Updated from 12:01 p.m. EST
Energy futures performed strongly Friday following a volatile session that saw crude oil slump nearly $1.30 before rebounding late.
Light, sweet crude oil finished up $1.40 to $59.39 a barrel at the New York Mercantile Exchange. Heating oil was up 4 cents to $1.67 a gallon.
Gasoline settled 5 cents higher at $1.65 a gallon, and natural gas ended the day up 20 cents to $7.50 per million British thermal units.
The market will be closed Monday for the Presidents Day holiday, and that contributed to the day's action.
The energy sector's advance was largely due to technical trading. "The whole market is up on position-squaring ahead of the long weekend," says Addison Armstrong, director of market research at TFS Energy Futures in Stamford, Conn. "Even though electronic trading is available after normal trading hours, it is always dangerous to be short over a long weekend," Armstrong says.

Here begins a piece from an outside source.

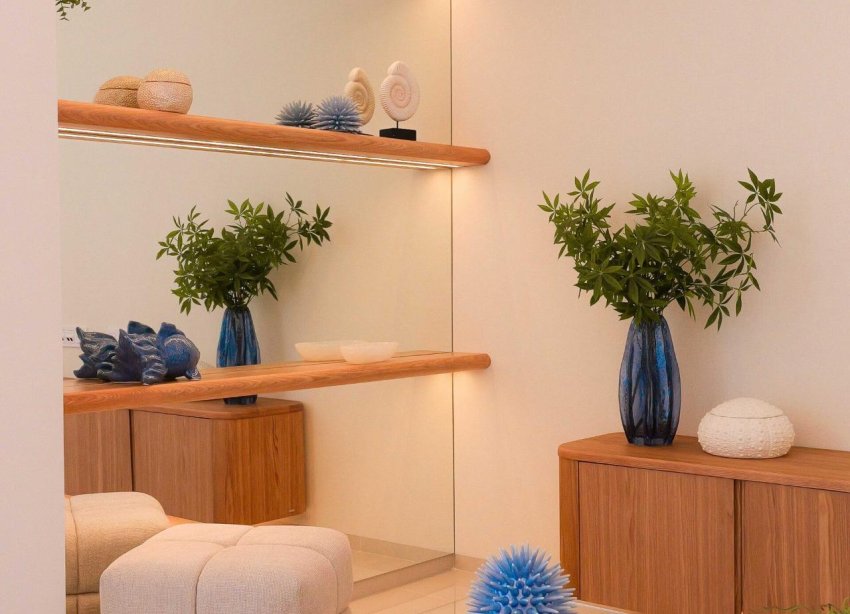 Rynek Pierwotny - Bungalow / Domek parterowy - Rojales - Doña Pepa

Despite crude oil's late-day reversal Thursday, "we think the short-term directional bias remains to the downside," wrote Edward Meir, energy analyst at Man Financial, in a research report. "Warmer weather forecasts should turn into reality by the middle of next week, and more importantly, OPEC will not be hanging over the markets with looming cuts (or meetings), as it has done in the past," Meir wrote.
Energy equities were mixed on the day. Utility operator
declined by $1.16 to $49.69 after it was downgraded to a buy from a strong buy rating. The company announced on Wednesday that its fourth-quarter profit fell 17%.
The stock of
Teekay LNG Partners
finished 12 cents higher to $36.80 even though Citi downgraded it to a hold from a buy. The iPath Goldman Sachs Crude Oil
ETF advanced 2.2% to $36.34.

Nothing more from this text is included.